Hello everyone!

I have been with boyfriend (We are both 26) for a year now and it is a great relationship. Very loving and affectionate, he is kind and likes to make me happy. We want to live together, we talk about marriage as well and he says he wants to spend the rest of his life with me. He gives me so much emotional support and I am very happy for him, except for this one thing.

He lives with his mum, which is common for people that are from this city as it is so expensive to leave home, where a room is about $1200 a month. I am not from here and have been living away from my parents since I was 18. He got a new job a couple of months ago that has doubled his salary and he wants to move out and live with me. I make half of what he does and he said he could possibly pay more than me towards bills and rent, but we haven't spoken about it fully yet.
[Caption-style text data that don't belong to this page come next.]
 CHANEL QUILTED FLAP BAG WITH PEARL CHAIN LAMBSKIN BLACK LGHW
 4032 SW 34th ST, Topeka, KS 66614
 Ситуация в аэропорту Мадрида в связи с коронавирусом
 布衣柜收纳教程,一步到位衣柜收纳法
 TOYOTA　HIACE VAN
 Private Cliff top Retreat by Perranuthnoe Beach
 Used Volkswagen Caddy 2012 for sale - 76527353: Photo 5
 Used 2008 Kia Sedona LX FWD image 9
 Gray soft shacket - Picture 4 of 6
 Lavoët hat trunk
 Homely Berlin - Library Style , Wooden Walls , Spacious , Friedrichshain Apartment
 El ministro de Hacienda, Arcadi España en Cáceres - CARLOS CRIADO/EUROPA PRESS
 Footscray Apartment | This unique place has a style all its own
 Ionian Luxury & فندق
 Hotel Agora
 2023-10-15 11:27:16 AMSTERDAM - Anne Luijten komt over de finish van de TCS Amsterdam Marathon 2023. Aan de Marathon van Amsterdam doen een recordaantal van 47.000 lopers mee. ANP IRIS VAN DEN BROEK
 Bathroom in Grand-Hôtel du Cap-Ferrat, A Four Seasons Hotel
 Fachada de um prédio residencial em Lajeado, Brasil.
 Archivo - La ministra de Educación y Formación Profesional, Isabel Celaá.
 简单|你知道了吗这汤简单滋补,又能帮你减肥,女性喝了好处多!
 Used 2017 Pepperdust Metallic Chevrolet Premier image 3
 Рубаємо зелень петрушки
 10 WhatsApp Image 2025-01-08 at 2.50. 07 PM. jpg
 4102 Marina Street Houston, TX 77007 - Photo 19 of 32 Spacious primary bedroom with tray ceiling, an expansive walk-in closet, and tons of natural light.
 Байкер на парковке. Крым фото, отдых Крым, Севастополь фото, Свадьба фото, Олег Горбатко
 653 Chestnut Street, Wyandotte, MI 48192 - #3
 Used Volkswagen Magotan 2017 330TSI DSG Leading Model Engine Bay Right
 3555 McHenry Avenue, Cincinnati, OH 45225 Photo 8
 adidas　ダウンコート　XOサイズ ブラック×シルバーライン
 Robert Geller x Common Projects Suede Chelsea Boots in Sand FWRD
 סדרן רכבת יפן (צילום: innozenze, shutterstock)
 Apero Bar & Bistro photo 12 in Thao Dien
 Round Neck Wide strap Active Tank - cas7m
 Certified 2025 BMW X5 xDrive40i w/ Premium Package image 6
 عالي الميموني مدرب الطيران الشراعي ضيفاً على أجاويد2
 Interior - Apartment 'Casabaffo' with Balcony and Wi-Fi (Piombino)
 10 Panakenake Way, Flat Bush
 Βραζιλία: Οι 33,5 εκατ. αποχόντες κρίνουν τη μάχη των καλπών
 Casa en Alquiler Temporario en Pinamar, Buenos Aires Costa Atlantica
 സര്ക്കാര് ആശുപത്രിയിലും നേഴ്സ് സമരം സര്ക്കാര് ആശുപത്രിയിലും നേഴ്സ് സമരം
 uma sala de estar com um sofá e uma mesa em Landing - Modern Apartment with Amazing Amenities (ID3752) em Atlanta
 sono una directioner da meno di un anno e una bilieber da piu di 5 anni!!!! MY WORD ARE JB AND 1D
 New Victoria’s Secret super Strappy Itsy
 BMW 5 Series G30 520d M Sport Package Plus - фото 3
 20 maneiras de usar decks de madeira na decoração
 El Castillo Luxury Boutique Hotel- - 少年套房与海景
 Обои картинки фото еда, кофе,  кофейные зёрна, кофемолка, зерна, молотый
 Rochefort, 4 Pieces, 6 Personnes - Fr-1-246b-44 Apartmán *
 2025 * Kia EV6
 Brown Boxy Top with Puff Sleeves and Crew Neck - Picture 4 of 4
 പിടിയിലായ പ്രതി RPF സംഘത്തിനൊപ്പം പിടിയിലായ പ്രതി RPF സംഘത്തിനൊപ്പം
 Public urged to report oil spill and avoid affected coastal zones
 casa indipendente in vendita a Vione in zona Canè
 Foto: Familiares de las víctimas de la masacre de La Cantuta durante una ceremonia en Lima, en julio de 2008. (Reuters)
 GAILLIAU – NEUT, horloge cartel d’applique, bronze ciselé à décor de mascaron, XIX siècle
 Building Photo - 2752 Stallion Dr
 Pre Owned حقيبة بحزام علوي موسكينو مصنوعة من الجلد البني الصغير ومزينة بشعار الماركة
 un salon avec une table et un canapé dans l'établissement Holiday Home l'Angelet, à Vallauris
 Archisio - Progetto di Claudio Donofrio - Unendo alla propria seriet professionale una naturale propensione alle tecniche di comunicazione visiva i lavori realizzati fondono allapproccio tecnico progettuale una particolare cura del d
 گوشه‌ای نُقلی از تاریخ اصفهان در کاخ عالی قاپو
Right now his mum does everything for him. He pays $400 and that includes rent, but it also includes groceries, his mum cooking and doing laundry, bills, and household products. I am very happy with him but am a bit worried that she is not letting him grow and be independent. He acts a bit like a child so for example he will sit and pick his nose while talking to me, or he constantly puts his hand down his pants and scratches himself or just leaves his hands in his pants when it is just us two. Is this normal of guys? He claims it is but I have never seen this behaviour, and I tell him I don't like him doing that but he can't help it he says.

He comes over every week and I will buy groceries and make us dinner. I love cooking for him but it becomes expensive so he said that he would buy me dinner sometimes. I feel like it doesn't add up to dinners I make him, although I don't think he realises as he never has to buy groceries. I am worried that I will have to help him learn how to be more responsible. When we are at his his mum does absolutely everything for him even make him coffee which makes me understand why he has never made me a coffee and it is always me making coffee for him and clearing up after him. I try to talk to him about these things in a nice way but he doesn't realise I don't think, and I feel like I am overreacting.

These are not huge issues but would appreciate advice on what to do about them. Should I just let them go, talk to him about them, accept this as it is?